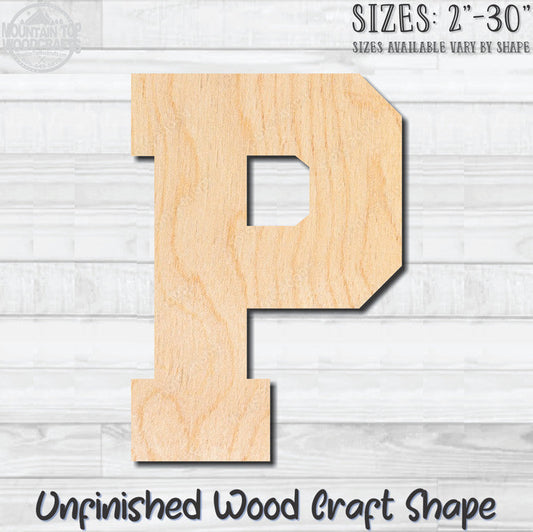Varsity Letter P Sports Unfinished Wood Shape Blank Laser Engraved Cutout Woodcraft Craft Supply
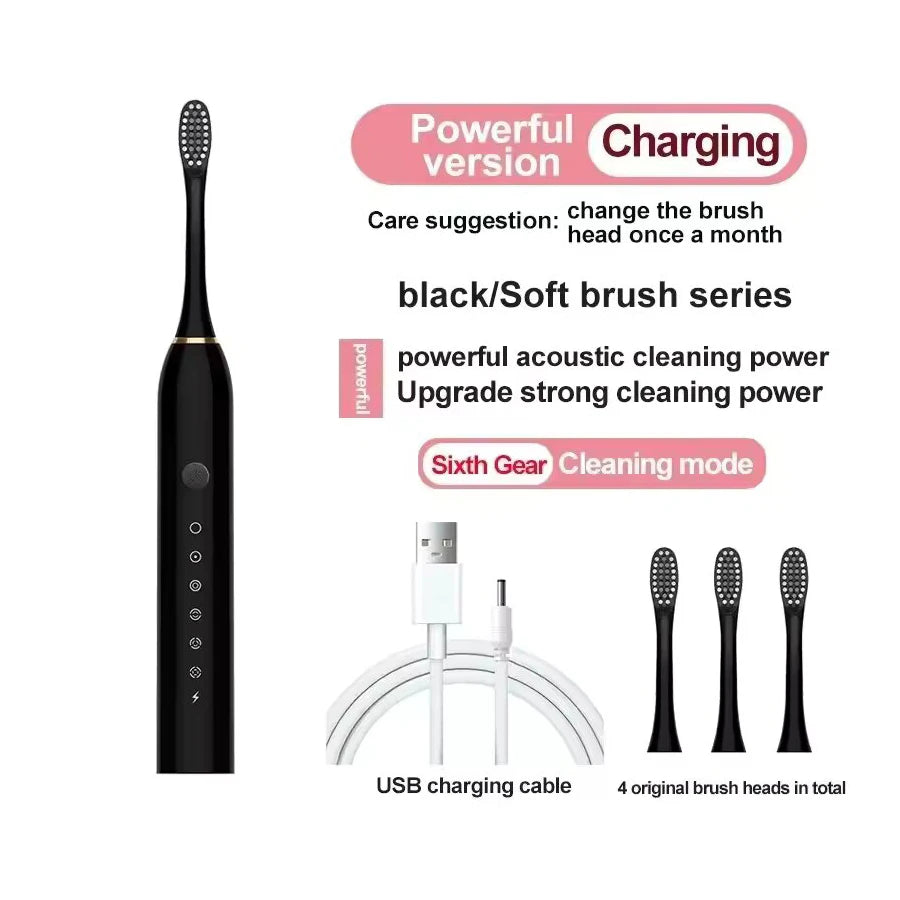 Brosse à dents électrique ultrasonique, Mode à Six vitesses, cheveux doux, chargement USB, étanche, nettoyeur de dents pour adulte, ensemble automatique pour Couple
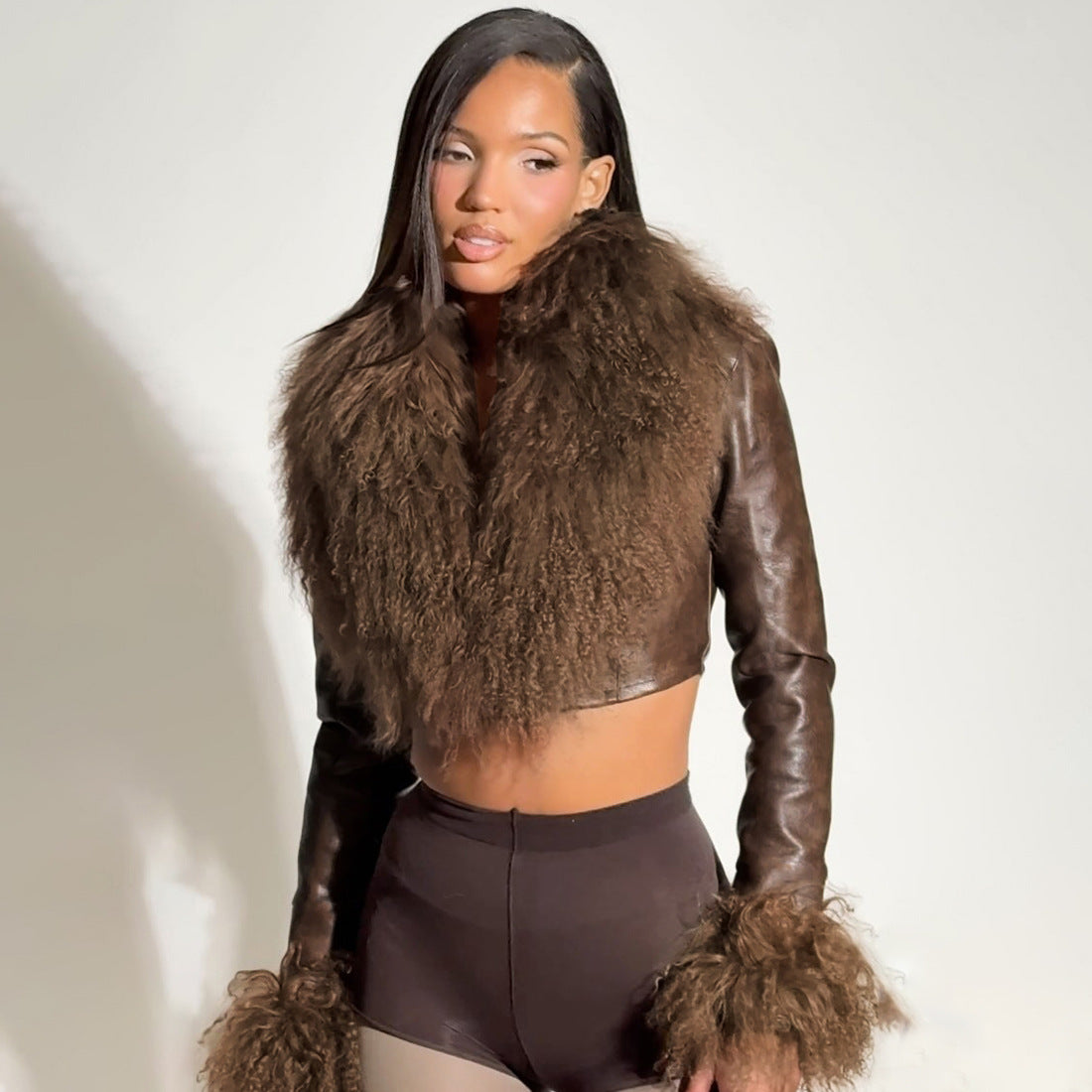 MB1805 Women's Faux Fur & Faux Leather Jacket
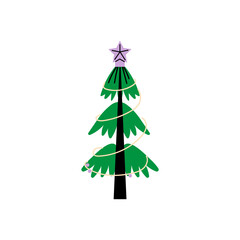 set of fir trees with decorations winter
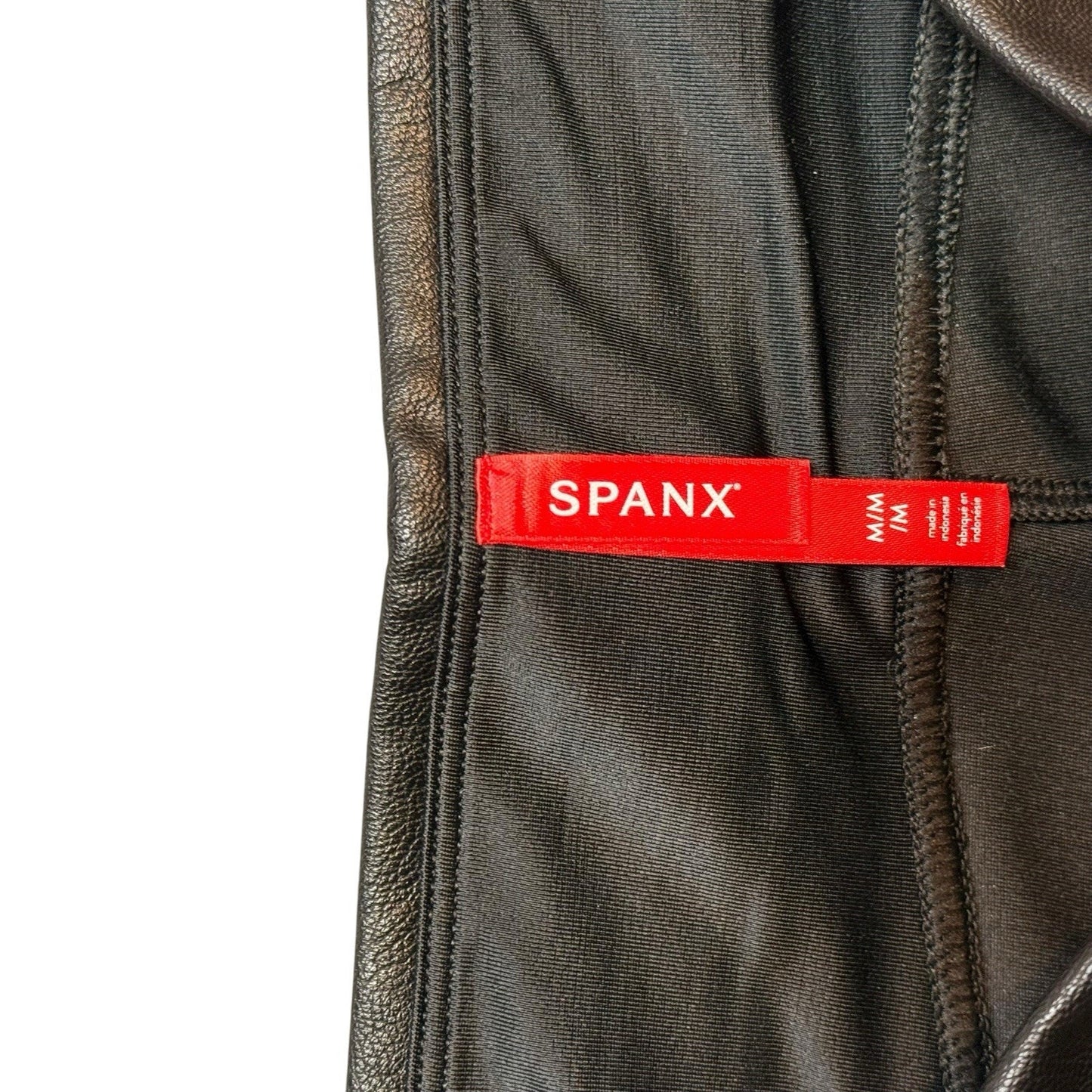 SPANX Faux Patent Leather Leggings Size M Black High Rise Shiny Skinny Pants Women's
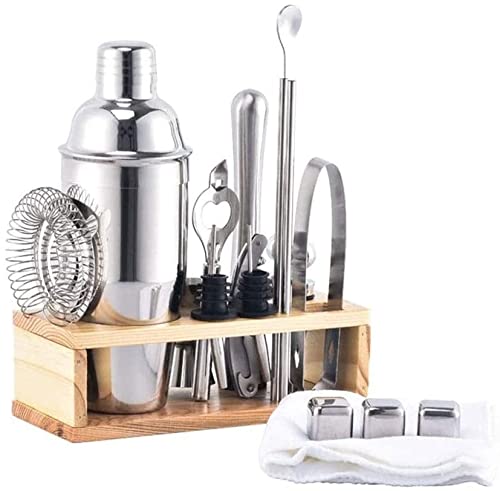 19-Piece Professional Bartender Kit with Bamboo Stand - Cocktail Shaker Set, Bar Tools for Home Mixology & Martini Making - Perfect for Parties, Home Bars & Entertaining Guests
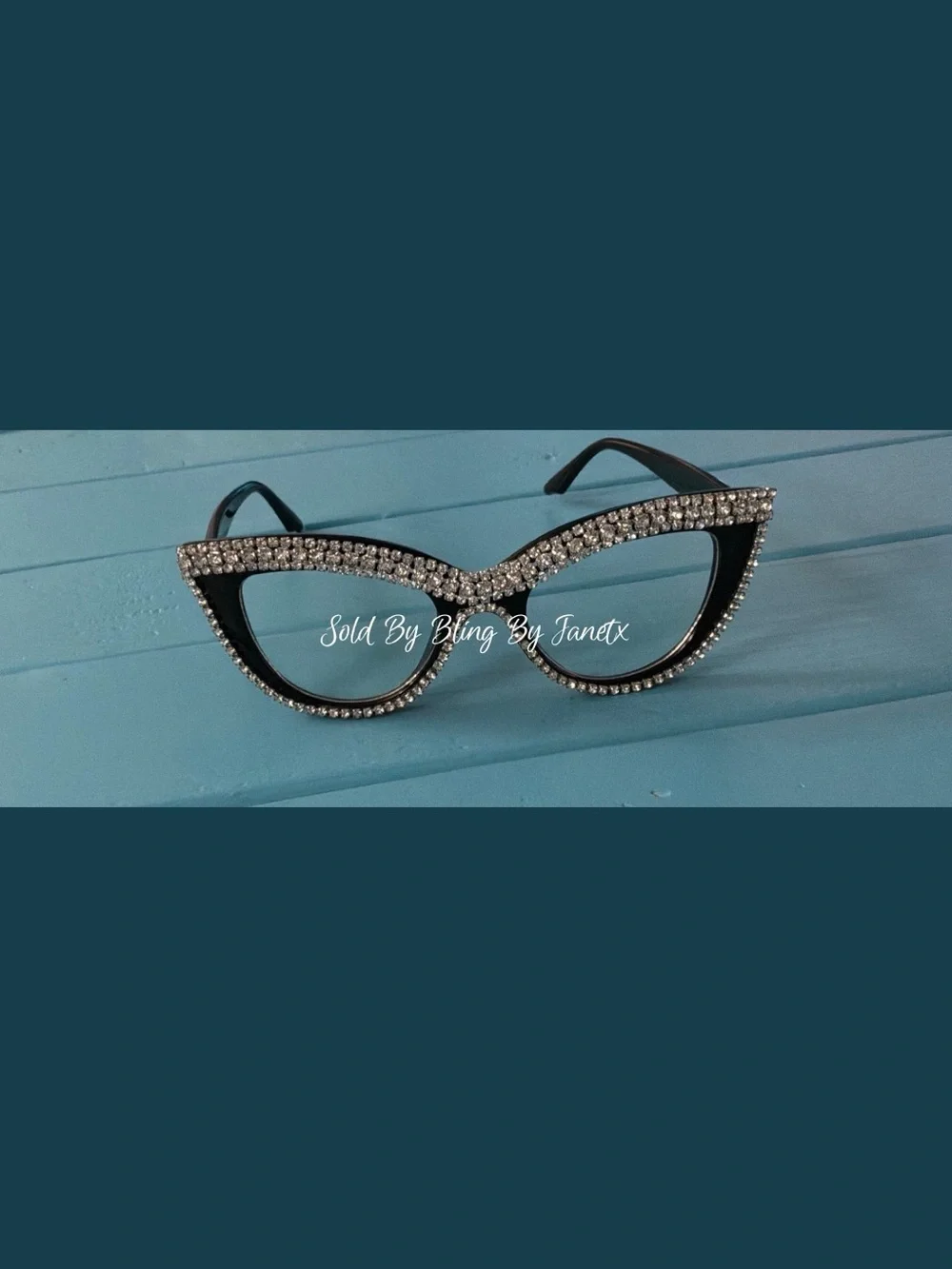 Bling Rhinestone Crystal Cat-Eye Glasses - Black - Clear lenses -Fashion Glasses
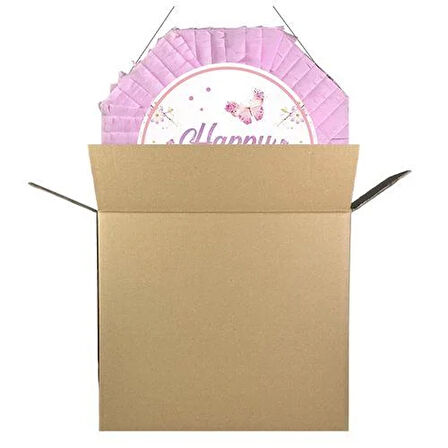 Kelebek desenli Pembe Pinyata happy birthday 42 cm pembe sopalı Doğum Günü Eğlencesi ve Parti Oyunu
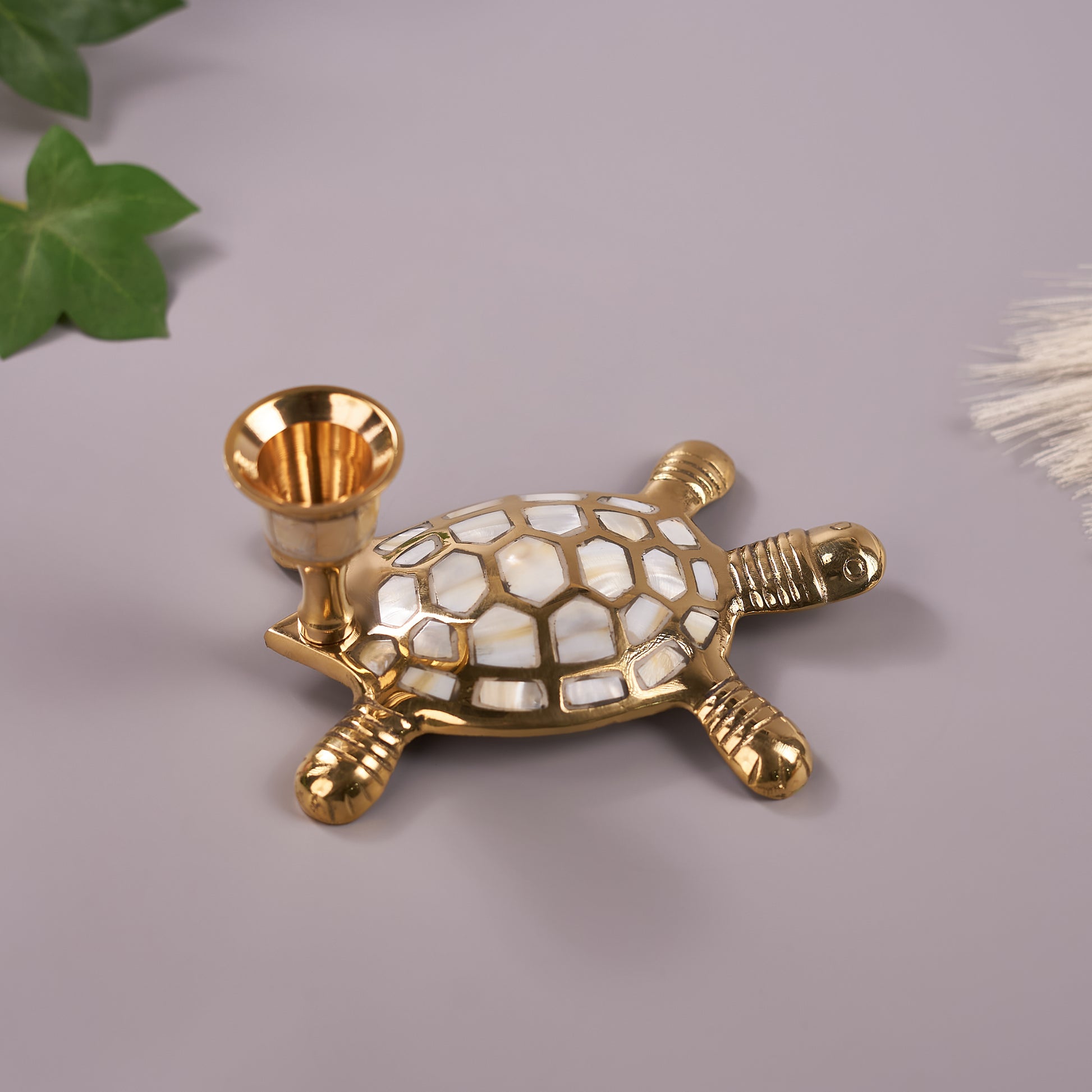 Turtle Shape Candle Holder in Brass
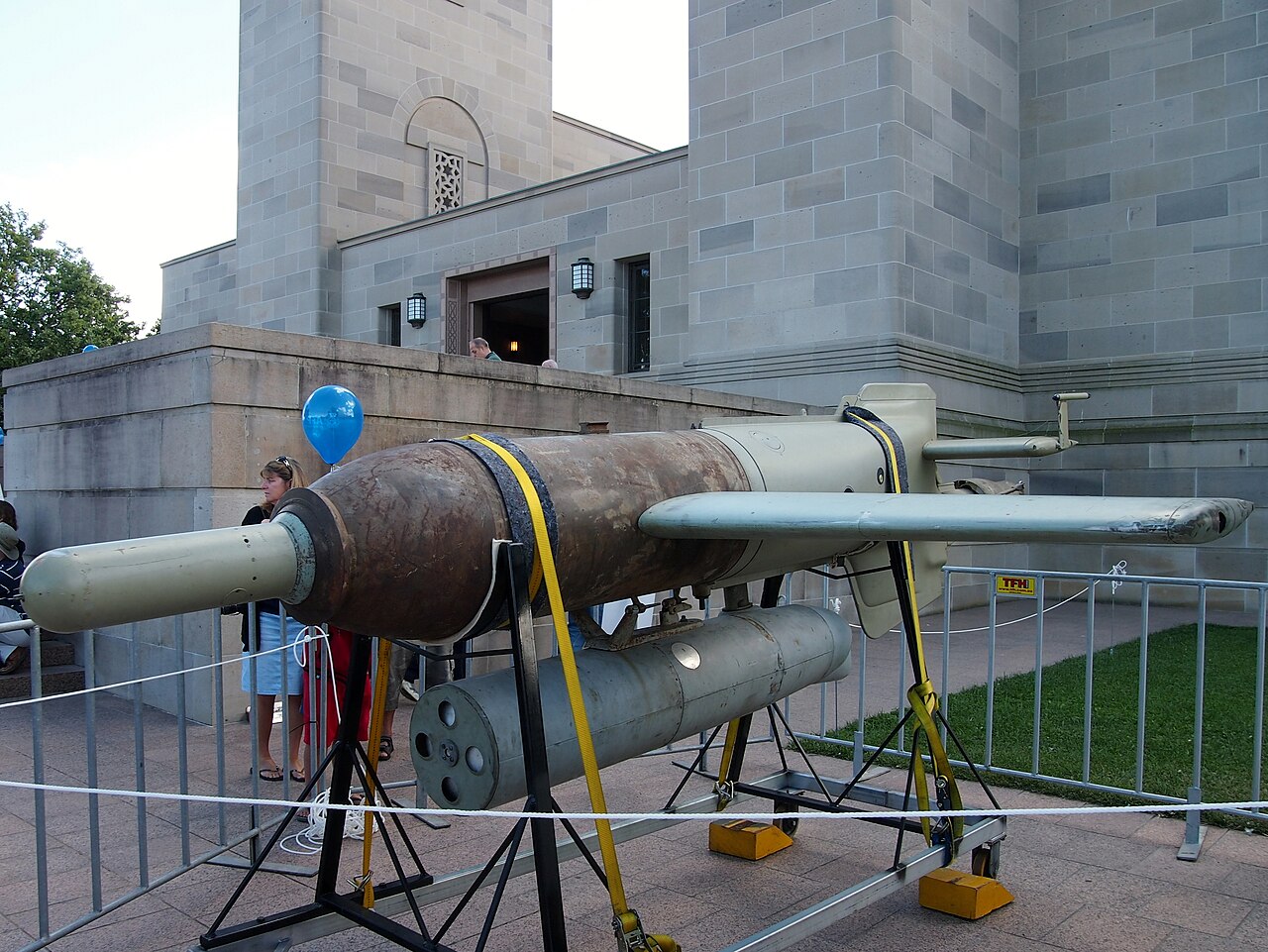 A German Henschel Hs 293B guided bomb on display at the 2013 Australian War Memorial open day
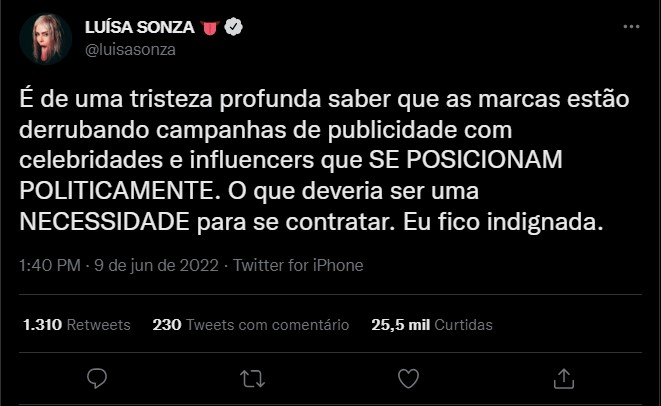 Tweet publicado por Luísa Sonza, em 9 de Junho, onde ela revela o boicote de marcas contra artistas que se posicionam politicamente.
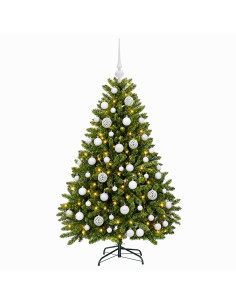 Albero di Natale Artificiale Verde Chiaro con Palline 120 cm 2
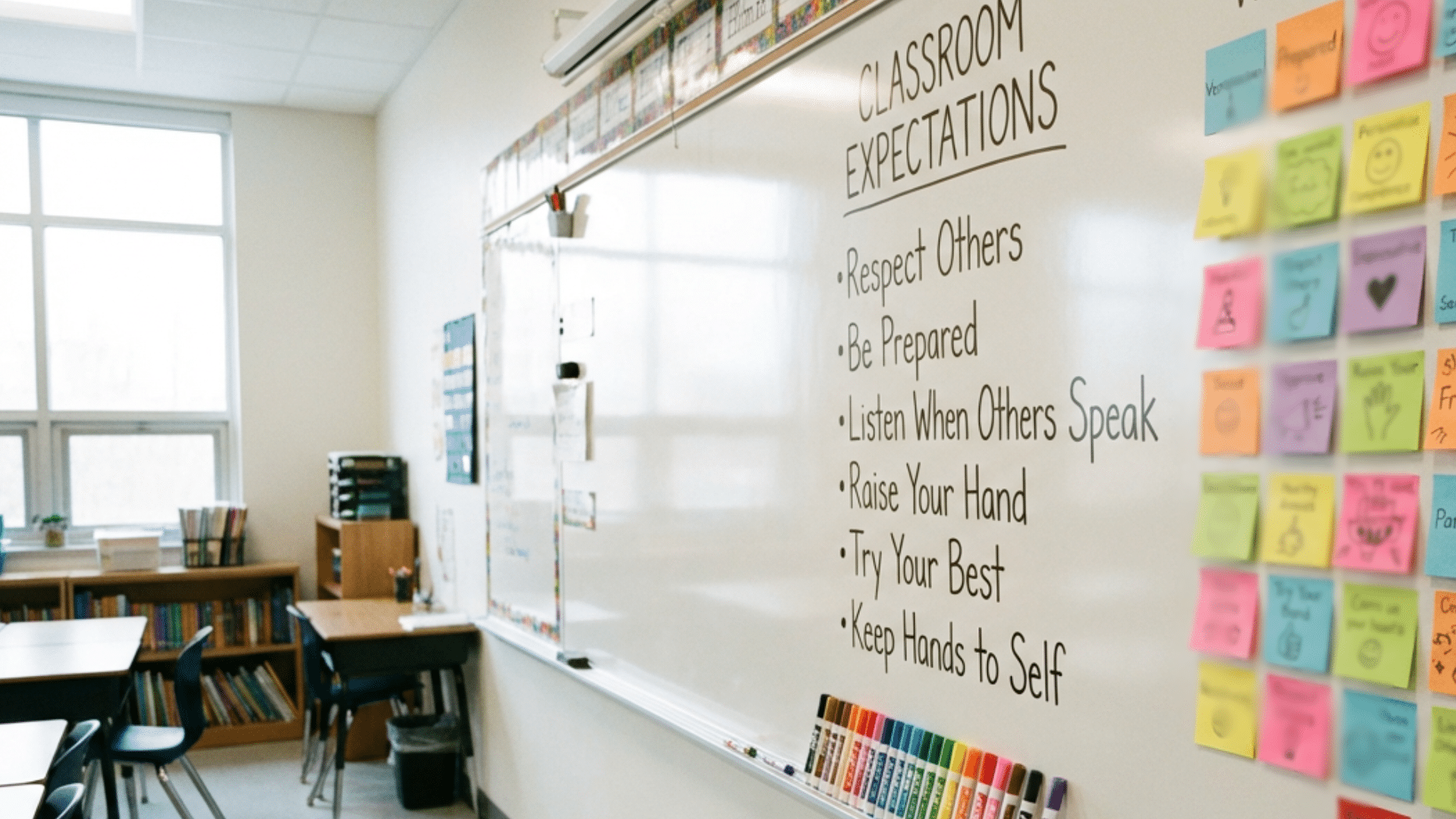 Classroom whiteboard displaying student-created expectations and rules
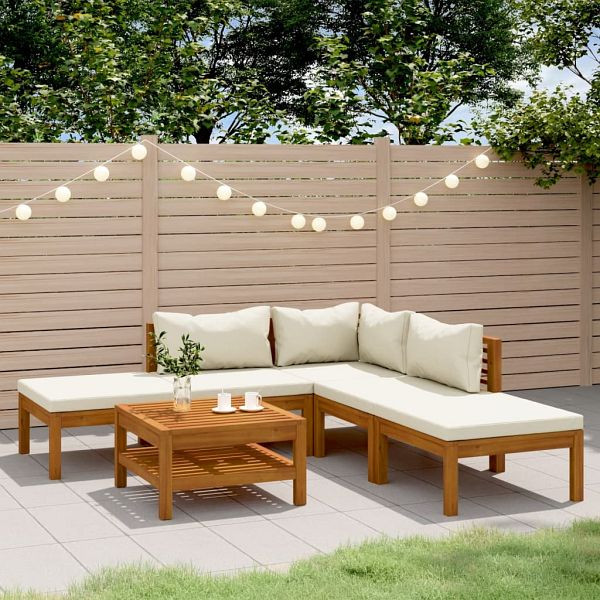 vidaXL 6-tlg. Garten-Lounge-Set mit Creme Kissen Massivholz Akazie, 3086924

==================================================

> AIM OF THE EXERCISE
Reproduce exactly the lines of the data above that run from the line with "MB1805 Women's Faux" down to the line with "19-Piece Professional Bartender", both ends included. Pictures do not belong in the copy.

> OUTPUT OF THE TASK
 MB1805 Women's Faux Fur & Faux Leather Jacket
 set of fir trees with decorations winter
 SPANX Faux Patent Leather Leggings Size M Black High Rise Shiny Skinny Pants Women's
 19-Piece Professional Bartender Kit with Bamboo Stand - Cocktail Shaker Set, Bar Tools for Home Mixology & Martini Making - Perfect for Parties, Home Bars & Entertaining Guests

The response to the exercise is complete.